Sobota, 28 września 202428/09/2024

Zostawił psa w aucie i poszedł na zakupy. Interweniowała straż miejska ZDJĘCIA

Pies w zamkniętym samochodzie przed centrum handlowym? Mimo licznych kampanii i apeli wciąż jeszcze zdarzają się takie przypadki. Strażnicy miejscy z Warszawy interweniowali wobec kierowcy, który zostawił psa w aucie i poszedł na zakupy.

Strażnicy miejscy z IV Oddziału Terenowego w trakcie patrolu otrzymali zgłoszenie dotyczące psa zamkniętego w aucie, które znajdowało się na parkingu w miejscu nasłonecznionym. Po przybyciu na plac przed jednym z centrów handlowych, funkcjonariusze odnaleźli samochód marki Toyota i potwierdzili obecność psa w środku.

Auto nie miało uchylonych szyb, a zwierzę dostępu do wody.

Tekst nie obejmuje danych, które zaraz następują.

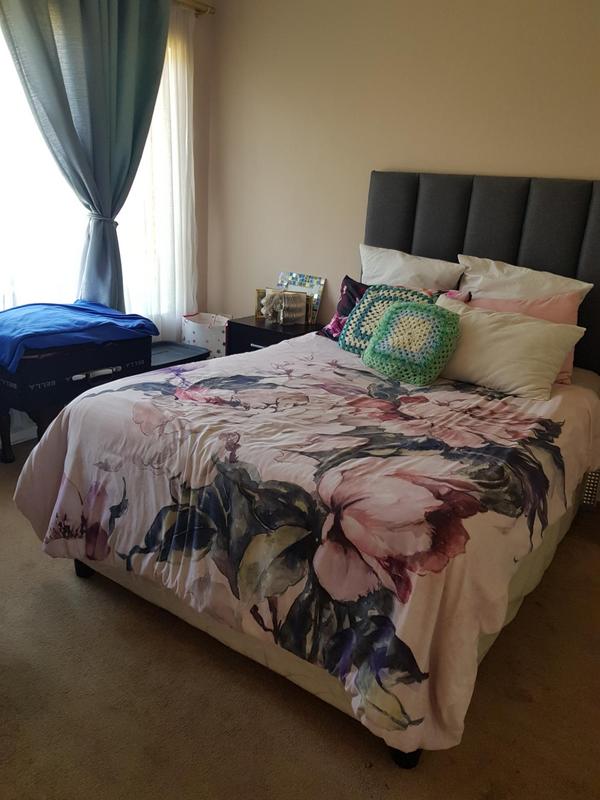 1 Bedroom Property for Sale in Edenvale Gauteng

Na całe szczęście było już późne popołudnie i słońce nie operowało tak mocno. Po zachowaniu psa widać jednak było, że odczuwa dyskomfort.

Funkcjonariusze uznali, że nie zachodzi konieczności wybijania szyby w drzwiach samochodu, natomiast natychmiast nawiązali kontakt z ochroną centrum handlowego, która przez głośniki zaczęła nadawać komunikat przyzywający kierowcę do pojazdu.

– Po chwili przy aucie pojawił się właściciel, z którym przeprowadzono rozmowę wychowawczą. Kierowca był wyraźnie zakłopotany, przeprosił za swoje zachowanie i obiecał, że nigdy już tak nie postąpi – przekazała straż miejska z Warszawy.

Przypominamy, że pojazd pozostawiony na słońcu zmienia się w piekarnik. Pozostawiając dzieci lub zwierzęta w zamkniętych samochodach, narażamy je na bezpośrednie niebezpieczeństwo utraty zdrowia a nawet życia.

Nie bójmy się też reagować gdy jesteśmy świadkami takiej sytuacji. W Polsce obowiązuje prawo wyższej konieczności, chroniące człowieka działającego w imię obrony życia, m.in. dziecka znajdującego się w środku rozgrzanego samochodu, przed konsekwencjami prawnymi. Prawo to stosuje się zarówno w przypadku ratowania ludzi jak i zwierząt.